TASK PROMPT:
Copy the listing in full and exactly, omitting its images.

DATA EXCERPT:
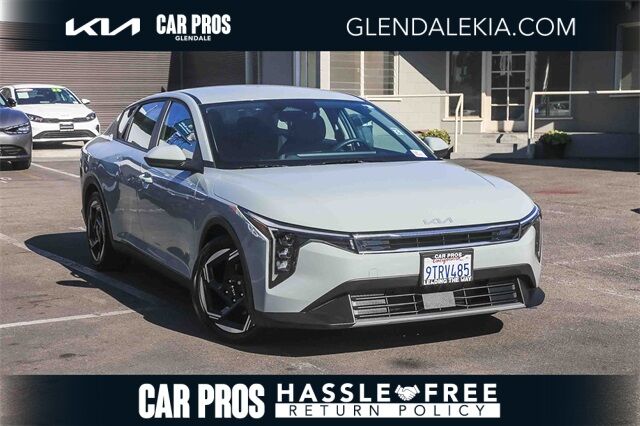 2025 Kia K4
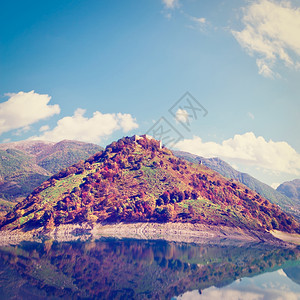 意大利山区湖森林海岸Instagram效应图片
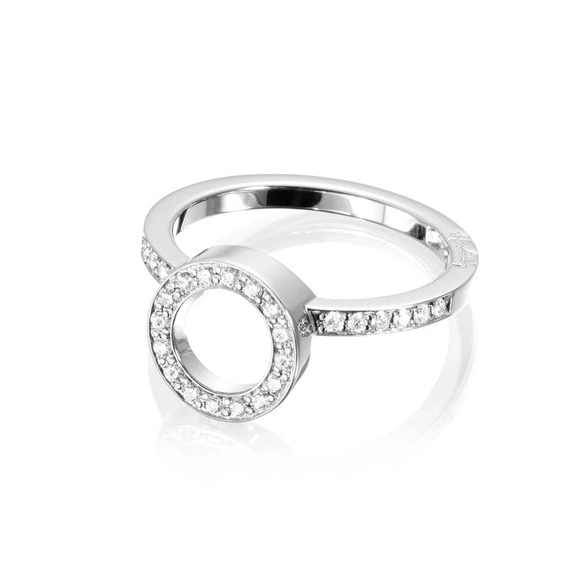 Circle Of Love Ring I White Gold - Efva Attling ringar - Snabb frakt & paketinslagning - Nordicspectra.se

ANSWER TO THIS PROBLEM:
 2025 Kia K4
 意大利山区湖森林海岸Instagram效应图片
 Circle Of Love Ring I White Gold - Efva Attling ringar - Snabb frakt & paketinslagning - Nordicspectra.se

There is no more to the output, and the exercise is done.